What Is a Stratified Random Sample?
A stratified random sample is a means of gathering information about collections of specific target audiences or demographics. These samples are meant to be representative only of the specific demographics being targeted, though a sampled demographic may be representative of that entire demographic within the population.
The data is the result of a type of sampling procedure that is both stratified and probabilistic. Stratified random samples also are known as proportional random samples or quota random samples. To understand what this means, it first is important to break down the terms involved.
What is a sample?
A sample is a mini-representation of a larger population. Samples can be determined informally or formally. But samples that are systematically developed according to certain scientific methods are generally perceived as being more useful for making generalizations about the larger population.
What does stratified mean?
Stratified samples consist of homogeneous subgroups that are considered to be distinct in important ways. A collection of these homogeneous subgroups is referred to as strata. This method of sampling procedures enables the population to be dividing into homogeneous subgroups from which simple random samples may be selected.
Why is a stratified sample useful?
The aim of stratified random sampling is to select participants from different subgroups who are believed to have relevance to the research that will be conducted. For instance, the results of a study could be influenced by the subjects’ attributes, such as their ages, gender, work experience level, racial and ethnic group, economic situation, level of education attained, and so forth. A stratified sample is constructed so that these potentially influential characteristics can be reasonably assumed to reflect the pattern of these characteristics in the overall population.
In this way, the sample reflects the population from which it has been taken, but the sample cannot be said to be representative of the larger population. Remember, the selection of members of a stratified sample is not a random process. That said, once the strata have been established, simple random sampling is used to select the members of the samples for each stratum.
What does probabilistic mean?
A stratified random sample is probabilistic because every method used to select the sample population provides a reasonably reliable way of estimating how representative the sample population is to the larger population from which the sample was selected. In other words, a probabilistic sample permits a researcher to estimate the odds that the sample selected does or does not represent the larger population from which the sample was drawn.
Stratified random sampling methods often are used when there is interest in the differences between homogeneous subgroups and the larger sample population as a whole.
Let’s say that a population of business clients can be divided into three groups: Generation X, millennials, and baby boomers. Moreover, we have reason to believe that both the Gen Xers and the millennials are relatively smaller minorities of the overall business clientele. Gen Xers make up about 5 percent of the overall population of the clientele, and millennials make up about 10 percent of the clientele. A simple random sample of 100 members (n = 100) might generate 5 Gen Xers and 10 millennials if we used a sampling fraction of 10 percent.

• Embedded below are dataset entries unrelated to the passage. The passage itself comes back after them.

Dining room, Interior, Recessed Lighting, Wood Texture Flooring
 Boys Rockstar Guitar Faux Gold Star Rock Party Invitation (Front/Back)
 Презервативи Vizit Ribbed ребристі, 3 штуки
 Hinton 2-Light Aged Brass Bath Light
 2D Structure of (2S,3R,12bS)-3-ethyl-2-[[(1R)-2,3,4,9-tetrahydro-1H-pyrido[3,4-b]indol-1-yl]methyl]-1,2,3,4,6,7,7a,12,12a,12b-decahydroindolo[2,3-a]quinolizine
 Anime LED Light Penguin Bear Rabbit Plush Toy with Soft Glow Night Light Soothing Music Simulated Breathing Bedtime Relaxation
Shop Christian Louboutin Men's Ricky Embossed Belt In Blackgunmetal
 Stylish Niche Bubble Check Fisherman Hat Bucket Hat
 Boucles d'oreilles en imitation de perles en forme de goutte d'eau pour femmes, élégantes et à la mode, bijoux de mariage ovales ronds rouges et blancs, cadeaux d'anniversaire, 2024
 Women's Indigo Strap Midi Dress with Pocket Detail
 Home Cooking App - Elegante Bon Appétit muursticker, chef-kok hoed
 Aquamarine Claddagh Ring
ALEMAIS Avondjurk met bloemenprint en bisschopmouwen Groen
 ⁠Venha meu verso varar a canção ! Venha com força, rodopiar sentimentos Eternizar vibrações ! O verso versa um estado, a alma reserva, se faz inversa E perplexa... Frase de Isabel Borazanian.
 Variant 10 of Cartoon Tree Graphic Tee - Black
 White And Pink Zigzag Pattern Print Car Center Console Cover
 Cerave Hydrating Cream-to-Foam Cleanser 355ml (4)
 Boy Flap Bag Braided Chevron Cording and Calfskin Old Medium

It would be possible—just by chance—to get even fewer Gen Xers and fewer millennials than that in the sample. Stratification is likely to produce more representative outcomes. Say we want to have at least 25 people in each group. If we still take a sample of 100 (n = 100), then we can sample 25 Gen Xers, 25 millennials, and 50 baby boomers.
We know that 10 percent of the population is millennials (or about 100 of our clients). A random sample of 25 clients will give a within-stratum sampling fraction of 25/100 or 25 percent. We also know that 5 percent of the 50 clients who are not baby boomers are Gen Xers. This means that the within-stratum fraction will be 25/50 or 50 percent. So, 50 Gen Xers plus 100 millennials is a total of 150 of our client sample. Since the overall client population is 1,000, we subtract the Gen Xers and millennials (a total of 150 clients) which leaves 850 clients who are baby boomers.
The within-stratum sampling fraction for the baby boomers is 50/850 or about 5.88 percent.
Two things are evident:
- The three groups are more homogeneous within-group than across the whole population. This means there is less variance, which provides the opportunity for greater statistical precision.
- Since the sample has been stratified, there will be enough members from each group to be able to make meaningful subgroup inferences.
Stratified sampling might be preferred over simple random sampling when it is important to represent the overall population and to represent the key subgroups of the population, especially when the subgroups are quite small but distinguished in important ways. By using stratified sampling methods, a researcher can effectively assure that subgroups can be differentiated in the discussion of the research findings.